** What you are asked to do **
Copy out exactly the lines below that run from the one holding "Ivory Peonia Midi Dress" to the one holding "One Piece Ace", keeping both of those lines and no others.

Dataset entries
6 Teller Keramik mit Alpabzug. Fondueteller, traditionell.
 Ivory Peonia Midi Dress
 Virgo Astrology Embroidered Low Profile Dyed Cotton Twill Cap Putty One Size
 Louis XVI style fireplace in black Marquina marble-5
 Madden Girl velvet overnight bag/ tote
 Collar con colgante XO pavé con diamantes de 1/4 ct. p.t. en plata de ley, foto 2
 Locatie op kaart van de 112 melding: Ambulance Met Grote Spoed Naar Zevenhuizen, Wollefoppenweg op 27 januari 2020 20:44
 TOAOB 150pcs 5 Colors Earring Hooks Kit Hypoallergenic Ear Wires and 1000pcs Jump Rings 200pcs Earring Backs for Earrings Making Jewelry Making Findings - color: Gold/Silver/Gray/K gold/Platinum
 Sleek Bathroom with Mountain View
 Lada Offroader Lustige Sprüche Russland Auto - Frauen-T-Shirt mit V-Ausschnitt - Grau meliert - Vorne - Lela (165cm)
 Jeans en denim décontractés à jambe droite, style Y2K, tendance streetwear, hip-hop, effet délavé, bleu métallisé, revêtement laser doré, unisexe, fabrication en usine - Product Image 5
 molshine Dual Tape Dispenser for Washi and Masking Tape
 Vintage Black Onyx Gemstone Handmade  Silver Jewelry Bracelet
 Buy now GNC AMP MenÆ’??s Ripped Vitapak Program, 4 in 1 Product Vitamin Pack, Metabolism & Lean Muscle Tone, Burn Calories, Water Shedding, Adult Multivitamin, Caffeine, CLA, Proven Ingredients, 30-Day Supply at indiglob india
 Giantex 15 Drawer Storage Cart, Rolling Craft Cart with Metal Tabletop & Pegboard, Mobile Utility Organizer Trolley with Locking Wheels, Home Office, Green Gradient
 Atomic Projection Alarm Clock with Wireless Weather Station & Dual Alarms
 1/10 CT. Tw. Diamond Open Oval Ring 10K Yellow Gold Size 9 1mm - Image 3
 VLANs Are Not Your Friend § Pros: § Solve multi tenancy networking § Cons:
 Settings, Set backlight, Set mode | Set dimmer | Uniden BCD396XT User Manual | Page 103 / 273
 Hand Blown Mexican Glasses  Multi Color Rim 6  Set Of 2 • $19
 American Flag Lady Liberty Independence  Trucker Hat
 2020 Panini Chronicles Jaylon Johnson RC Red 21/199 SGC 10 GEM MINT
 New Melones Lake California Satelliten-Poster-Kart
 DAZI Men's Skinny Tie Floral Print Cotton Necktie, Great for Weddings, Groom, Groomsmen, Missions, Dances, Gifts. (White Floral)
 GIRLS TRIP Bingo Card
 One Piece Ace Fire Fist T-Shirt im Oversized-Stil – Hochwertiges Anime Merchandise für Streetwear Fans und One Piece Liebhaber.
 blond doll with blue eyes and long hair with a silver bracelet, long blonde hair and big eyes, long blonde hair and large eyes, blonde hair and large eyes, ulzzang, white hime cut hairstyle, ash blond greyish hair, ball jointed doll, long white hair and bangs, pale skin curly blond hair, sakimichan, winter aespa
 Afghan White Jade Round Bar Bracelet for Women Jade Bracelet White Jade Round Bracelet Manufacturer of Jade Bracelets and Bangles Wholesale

** Solution below **
 Ivory Peonia Midi Dress
 Virgo Astrology Embroidered Low Profile Dyed Cotton Twill Cap Putty One Size
 Louis XVI style fireplace in black Marquina marble-5
 Madden Girl velvet overnight bag/ tote
 Collar con colgante XO pavé con diamantes de 1/4 ct. p.t. en plata de ley, foto 2
 Locatie op kaart van de 112 melding: Ambulance Met Grote Spoed Naar Zevenhuizen, Wollefoppenweg op 27 januari 2020 20:44
 TOAOB 150pcs 5 Colors Earring Hooks Kit Hypoallergenic Ear Wires and 1000pcs Jump Rings 200pcs Earring Backs for Earrings Making Jewelry Making Findings - color: Gold/Silver/Gray/K gold/Platinum
 Sleek Bathroom with Mountain View
 Lada Offroader Lustige Sprüche Russland Auto - Frauen-T-Shirt mit V-Ausschnitt - Grau meliert - Vorne - Lela (165cm)
 Jeans en denim décontractés à jambe droite, style Y2K, tendance streetwear, hip-hop, effet délavé, bleu métallisé, revêtement laser doré, unisexe, fabrication en usine - Product Image 5
 molshine Dual Tape Dispenser for Washi and Masking Tape
 Vintage Black Onyx Gemstone Handmade  Silver Jewelry Bracelet
 Buy now GNC AMP MenÆ’??s Ripped Vitapak Program, 4 in 1 Product Vitamin Pack, Metabolism & Lean Muscle Tone, Burn Calories, Water Shedding, Adult Multivitamin, Caffeine, CLA, Proven Ingredients, 30-Day Supply at indiglob india
 Giantex 15 Drawer Storage Cart, Rolling Craft Cart with Metal Tabletop & Pegboard, Mobile Utility Organizer Trolley with Locking Wheels, Home Office, Green Gradient
 Atomic Projection Alarm Clock with Wireless Weather Station & Dual Alarms
 1/10 CT. Tw. Diamond Open Oval Ring 10K Yellow Gold Size 9 1mm - Image 3
 VLANs Are Not Your Friend § Pros: § Solve multi tenancy networking § Cons:
 Settings, Set backlight, Set mode | Set dimmer | Uniden BCD396XT User Manual | Page 103 / 273
 Hand Blown Mexican Glasses  Multi Color Rim 6  Set Of 2 • $19
 American Flag Lady Liberty Independence  Trucker Hat
 2020 Panini Chronicles Jaylon Johnson RC Red 21/199 SGC 10 GEM MINT
 New Melones Lake California Satelliten-Poster-Kart
 DAZI Men's Skinny Tie Floral Print Cotton Necktie, Great for Weddings, Groom, Groomsmen, Missions, Dances, Gifts. (White Floral)
 GIRLS TRIP Bingo Card
 One Piece Ace Fire Fist T-Shirt im Oversized-Stil – Hochwertiges Anime Merchandise für Streetwear Fans und One Piece Liebhaber.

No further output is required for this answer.